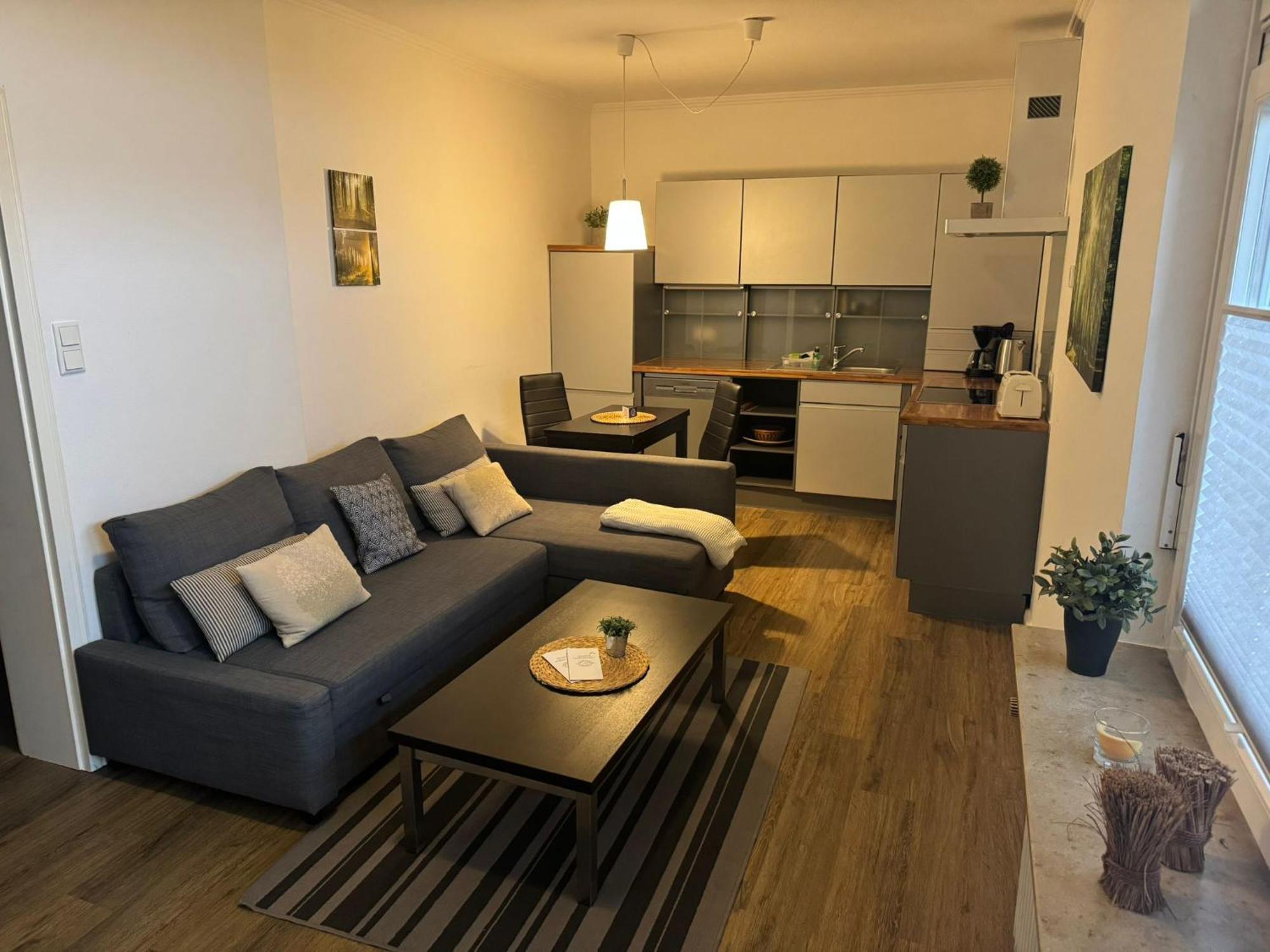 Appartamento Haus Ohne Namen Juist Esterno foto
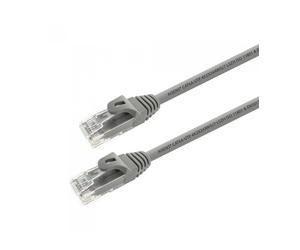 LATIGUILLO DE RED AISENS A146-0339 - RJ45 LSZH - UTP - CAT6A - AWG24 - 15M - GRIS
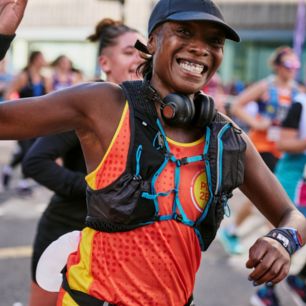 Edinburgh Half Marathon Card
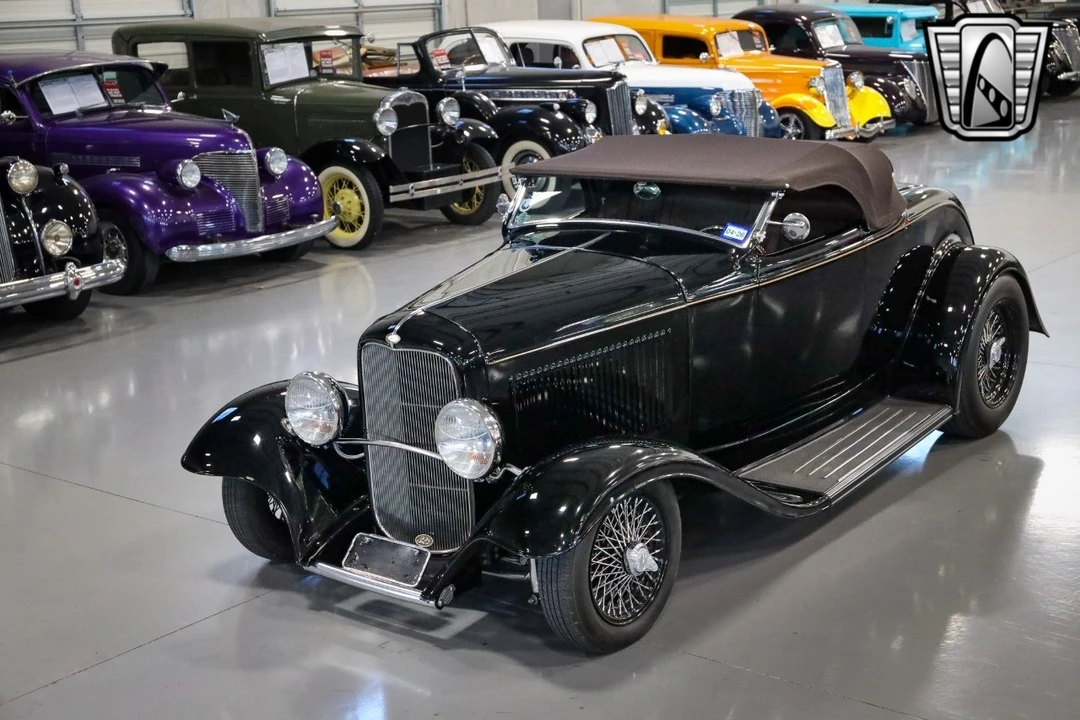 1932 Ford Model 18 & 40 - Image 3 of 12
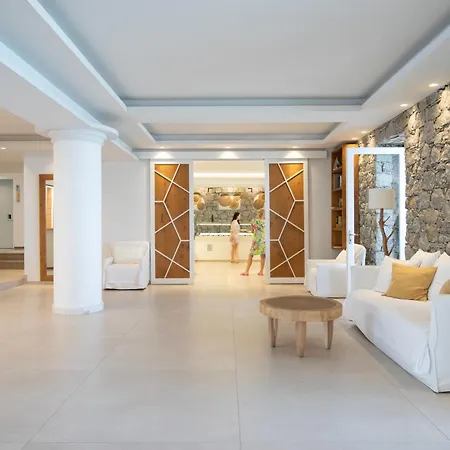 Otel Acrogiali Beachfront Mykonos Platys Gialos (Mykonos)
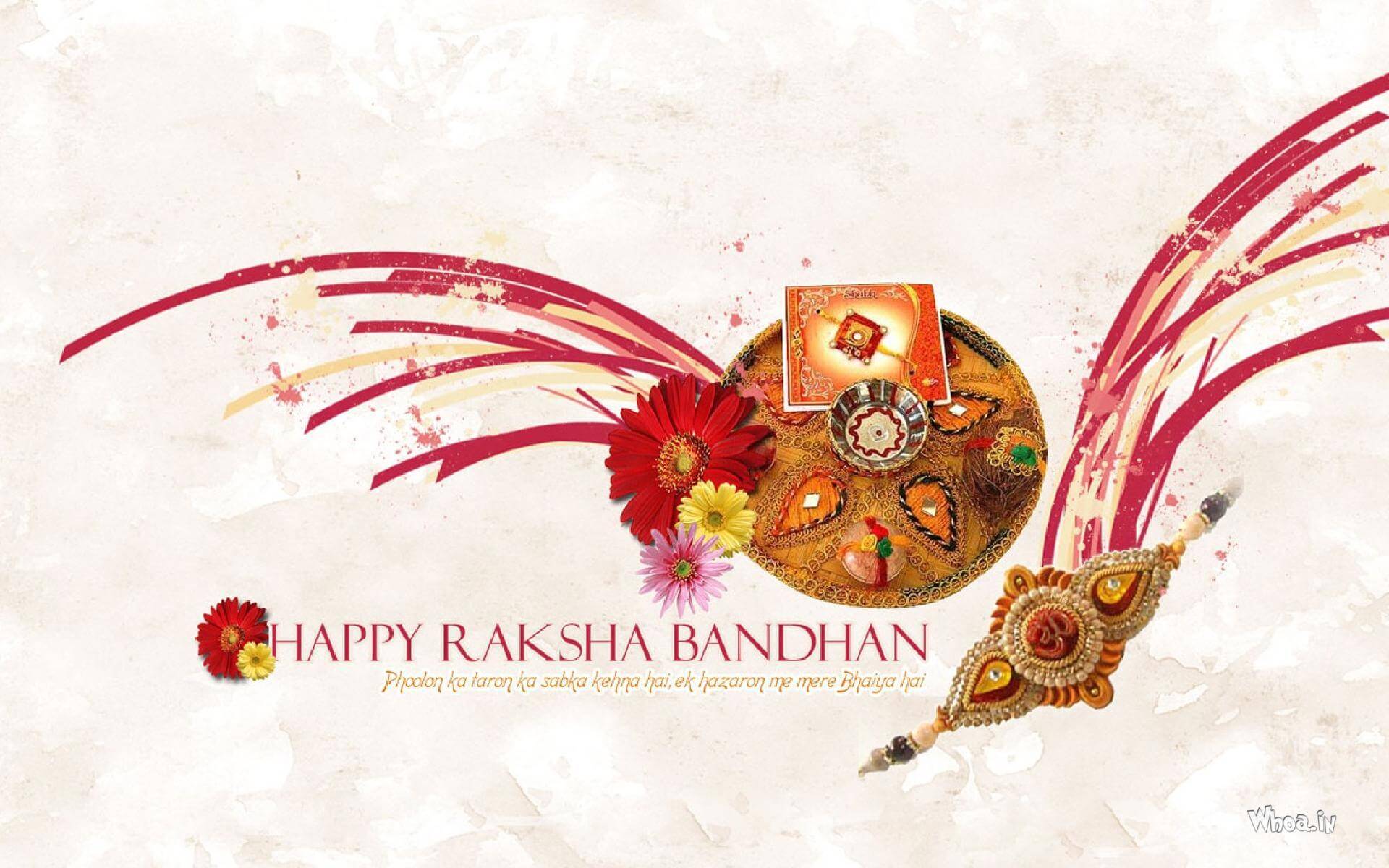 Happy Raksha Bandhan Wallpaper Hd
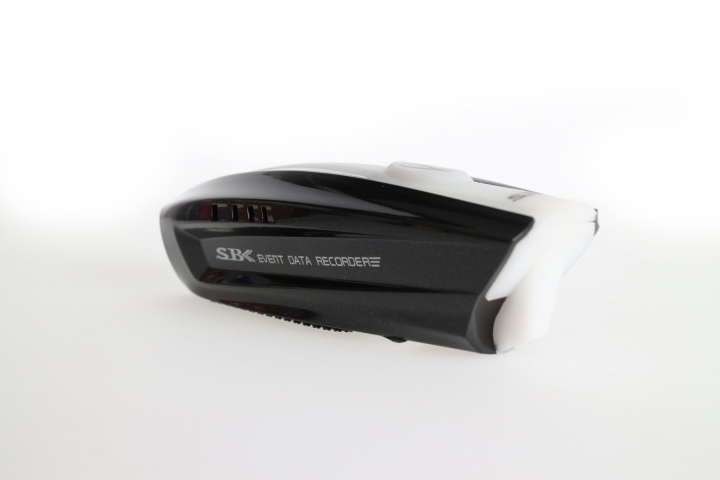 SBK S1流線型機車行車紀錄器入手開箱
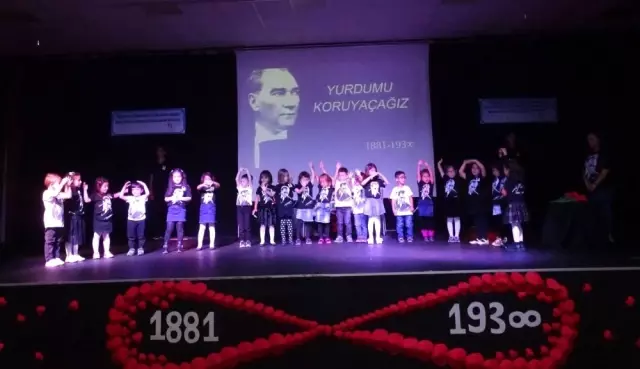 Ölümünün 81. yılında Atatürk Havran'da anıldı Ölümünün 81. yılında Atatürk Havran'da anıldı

--

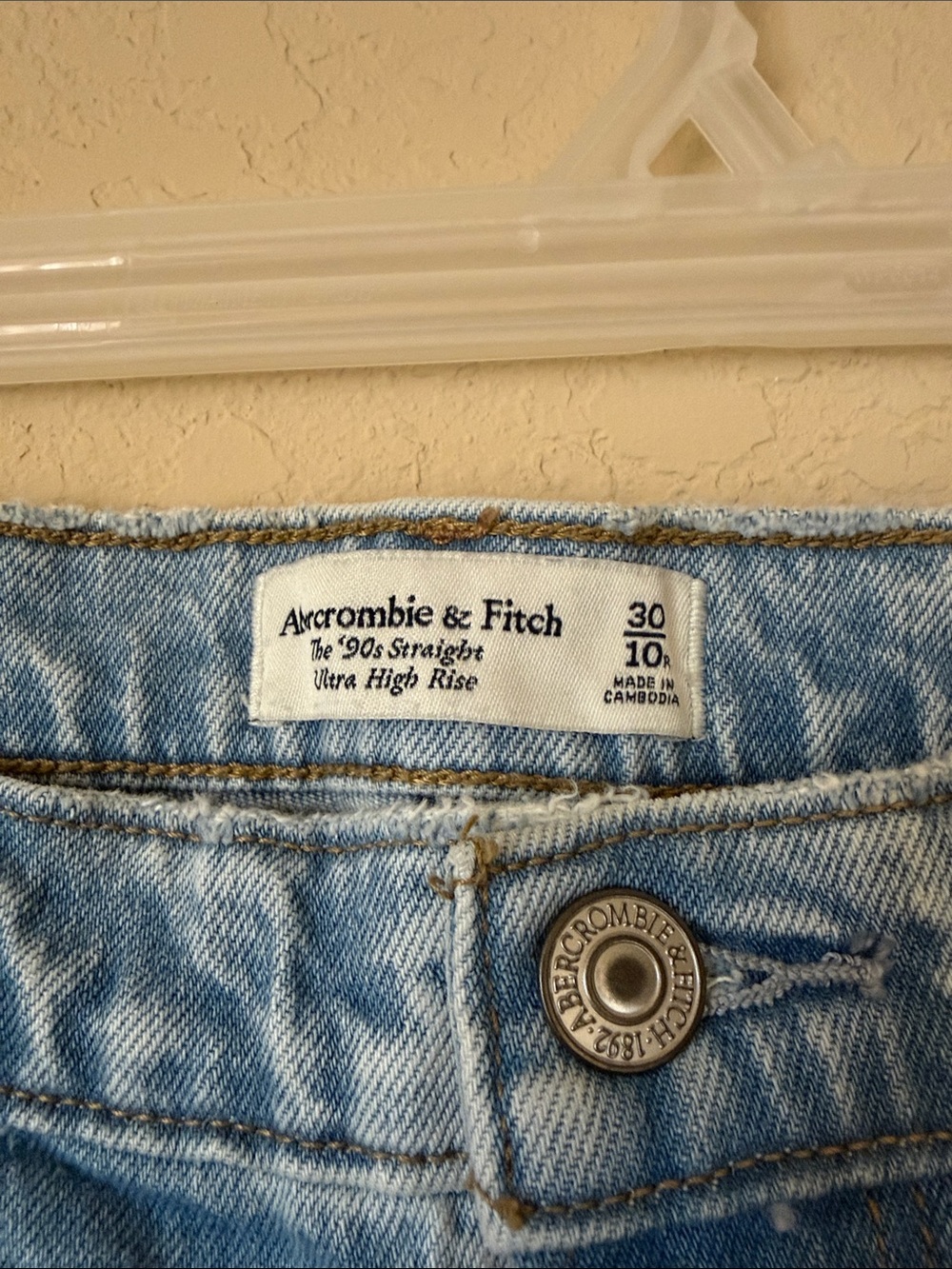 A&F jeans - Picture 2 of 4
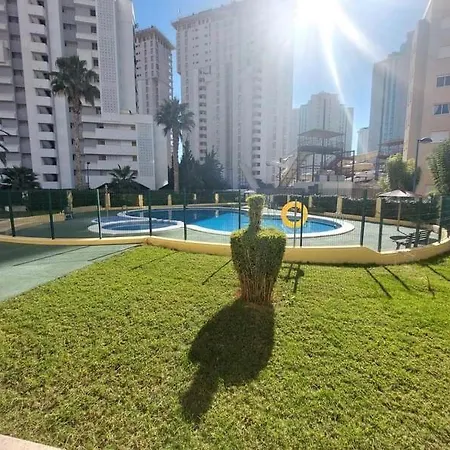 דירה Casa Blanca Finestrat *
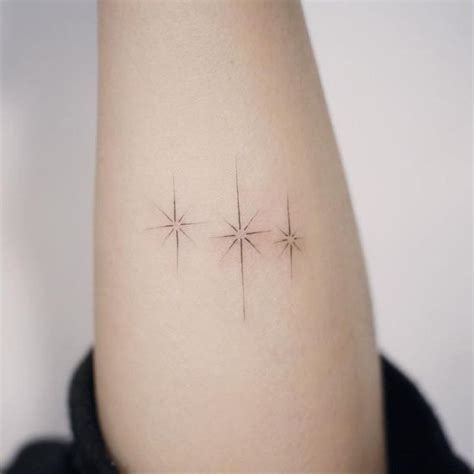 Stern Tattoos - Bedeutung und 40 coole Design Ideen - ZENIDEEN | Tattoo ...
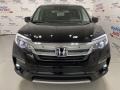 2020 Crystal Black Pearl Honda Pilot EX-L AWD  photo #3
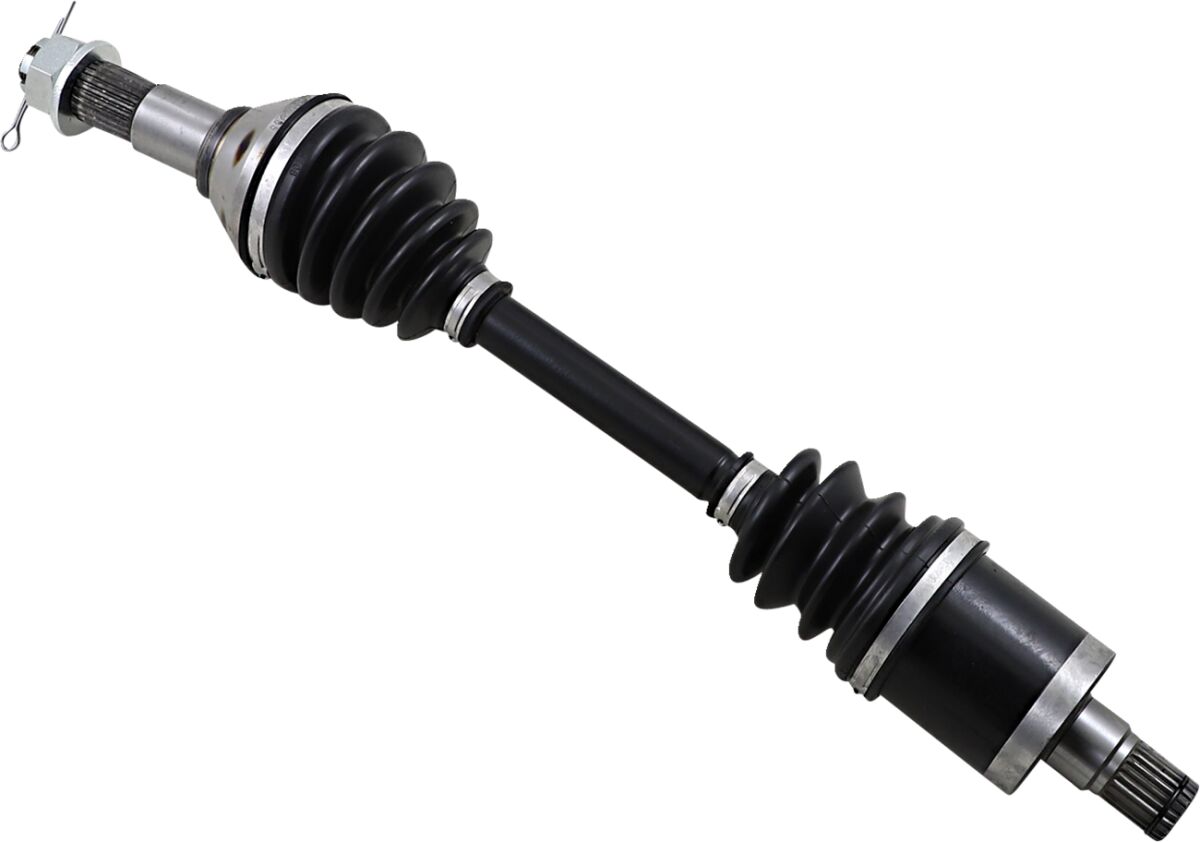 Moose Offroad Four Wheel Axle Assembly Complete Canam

==

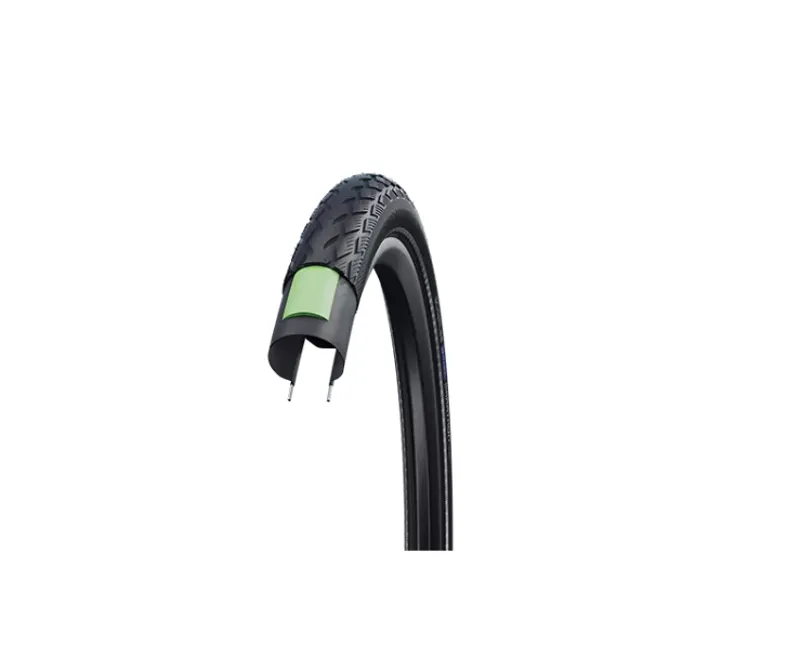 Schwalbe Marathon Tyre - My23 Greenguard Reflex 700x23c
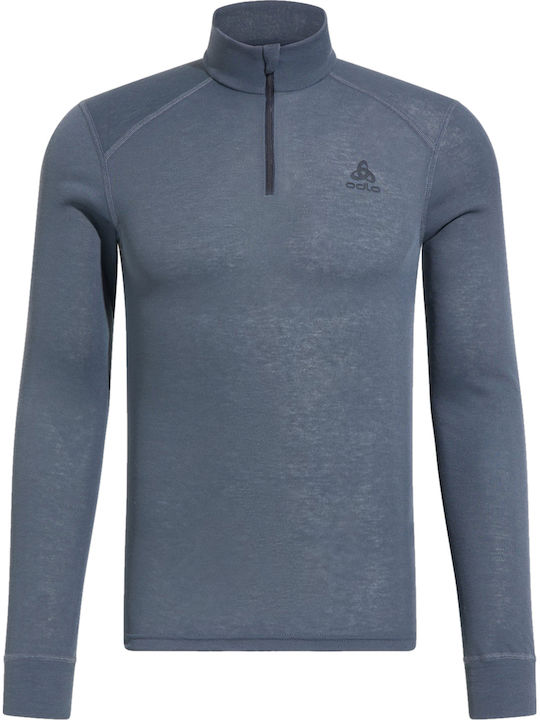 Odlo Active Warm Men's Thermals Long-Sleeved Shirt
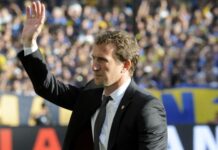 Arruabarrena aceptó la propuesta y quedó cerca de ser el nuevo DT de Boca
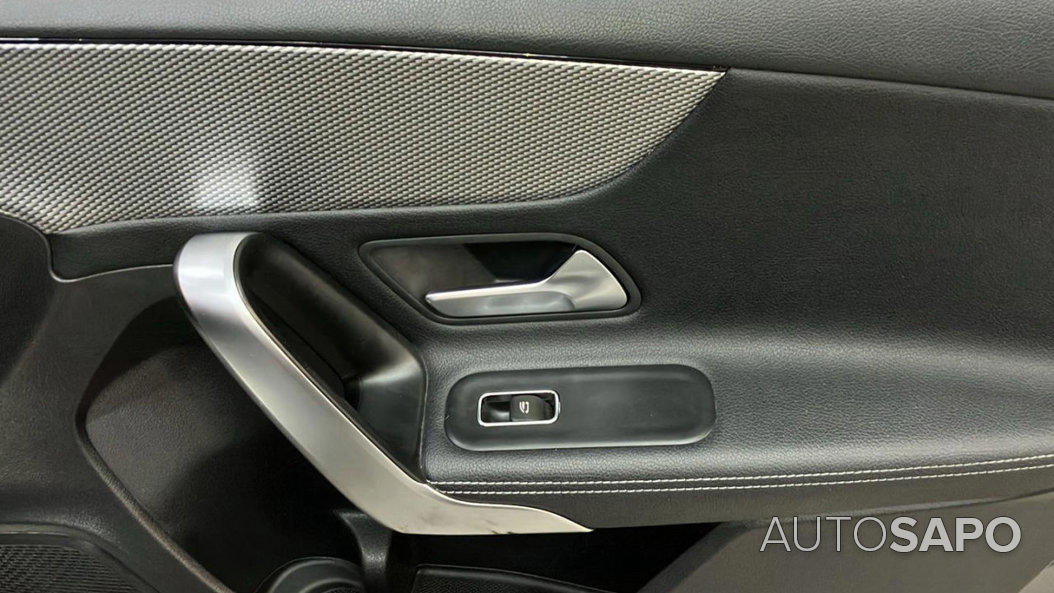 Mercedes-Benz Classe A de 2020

*Assigned task:* Between and including the line with "Arruabarrena aceptó la" and the line with "Mercedes-Benz Classe A de 2020", repeat every line exactly as it appears above, with pictures left out.

*Result of this exercise:*
 Arruabarrena aceptó la propuesta y quedó cerca de ser el nuevo DT de Boca
 Mercedes-Benz Classe A de 2020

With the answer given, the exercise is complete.